In the early days, before the hut, Kara remembered Nelson backing her station wagon down the driveway and setting up a tiny table. She found a phone cord to run down from the house.
The “beaver lady” had redubbed herself. Nelson would then be known as “the bridge lady.”
“She grew up with it; it was a part of her,” Kara said about Nelson’s relationship to the bridge.
Trying to get the bridge — which once held the title of the longest covered bridge in the country — on a U.S. postage stamp, Nelson penned throngs of letters to the editors in the Valley News. Often in those letters, she referred to the bridge as “she.”
“When I go away for a few months and come home to see my bridge, I get a lump in my throat and can hardly swallow,” she wrote to the newspaper in 1996. “It is so awesome to see her hanging across the Connecticut River, just waiting for someone to ride across her and let her do her ‘thing’ for humanity.”
Her efforts saw her reaching out to President Bill Clinton and Vice President Al Gore. After their radio silence, she made her own fake stamp.

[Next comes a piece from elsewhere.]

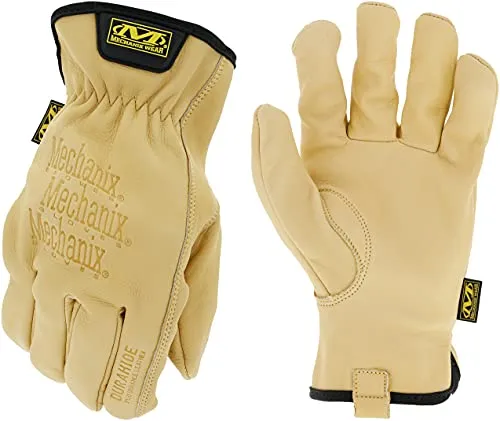 Mechanix Durahide Cow Driver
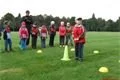 FC Viktoria Plzeň hledá talenty v mateřských školkách.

“I never thought of her as an attention-seeking person,” Kara said. “I think it was more like — she took so much pride in it all.”

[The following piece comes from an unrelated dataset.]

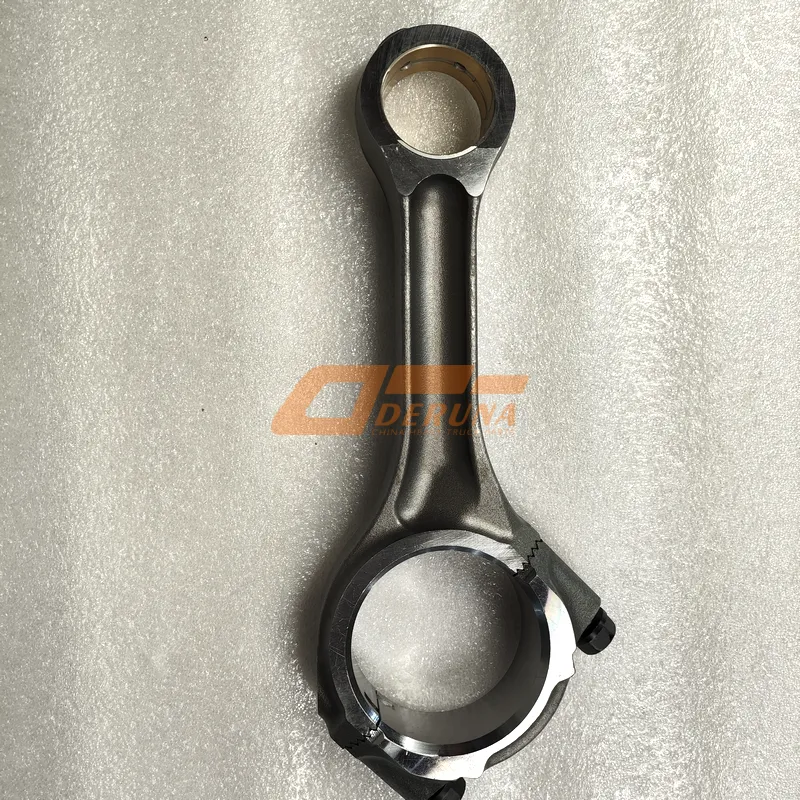 612630020017 Wp12 Connecting Rod (Complete)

But Nelson’s pride, though strong, wasn’t severe. She was goofy, with a crass sense of humor and penchant for the spontaneous.
Kara recalled a rainstorm passing through Cornish while she sat on the porch of the family’s house with her grandmother, looking out at the bridge. “She told me to get out there and take the rain in, run around in it,” she said.
Nelson’s apartment at the Earl M. Bourdon Centre, a subsidized senior living facility in Claremont where she lived out the last two decades of her life, was packed with trinkets. Her porch there practically sagged under the weight of the orchestra of wind chimes she had strung up, her great-granddaughter, Adelyn, said.
Nelson also collected brass — and for no apparent reason other than “she liked the way it looked,” Adelyn said. “That little apartment was filled top to bottom with brass bells and plates and cups,” she said. “She was eccentric like that; she had quirks.”
She often picked up Adelyn from school when she was young. From there they would go to Kennedy Pond in Windsor or Saint-Gaudens National Historical Park. At Wellwood Orchards in Springfield, Vt., “we’d sit in the animal area and pet animals for hours,” Adelyn said. “There were deer there. She’d grab apples and feed them.”
Adelyn spent the night at the Bourdon Centre with Nelson, too. There, they ate Cool Whip (“She loved sweets,” Adelyn said, remembering a fridge full of pudding), and Ethel indefatigably listened to her great-granddaughter play the piano in the lobby of Bourdon. She even encouraged her to put on more formal concerts for the residents there, making signs to hang up around the center. It was enough to draw a crowd.
“It felt like an equal give and take: I was really excited to show her all the things I learned, but she was so excited to listen,” Adelyn said. “She never was like, ‘OK, time to go up.’ She would just listen and listen.”
Nelson encouraged Adelyn to put on more formal concerts at Bourden.
Adelyn is now a piano teacher in southern New Hampshire and studied music at the University of New Hampshire. “That exposure that she gave me to music was just so important in my life,” she said. “I’m not really sure what would have happened without that.”
When she talked to her great-granddaughter, Nelson was rarely censored.
“We would talk about everything,” Adelyn said. “She was always so receptive to me asking anything; she wasn’t ever sensitive. She also was talking about death with me when I was pretty little. She was jolly about it. Her attitude was: ‘Anytime God wants to take me, I’m good to go.’ ”
In Nelson’s last days in the hospital, Adelyn, joined by Kara, hauled a keyboard up to her bedside and played music from a songbook Nelson had recovered from when she herself was a young girl.
“She would snap awake to music from her childhood, even in her dementia,” Adelyn said.
“We played that book front to back. It was my last chance to play for her, and she was still such a good listener.”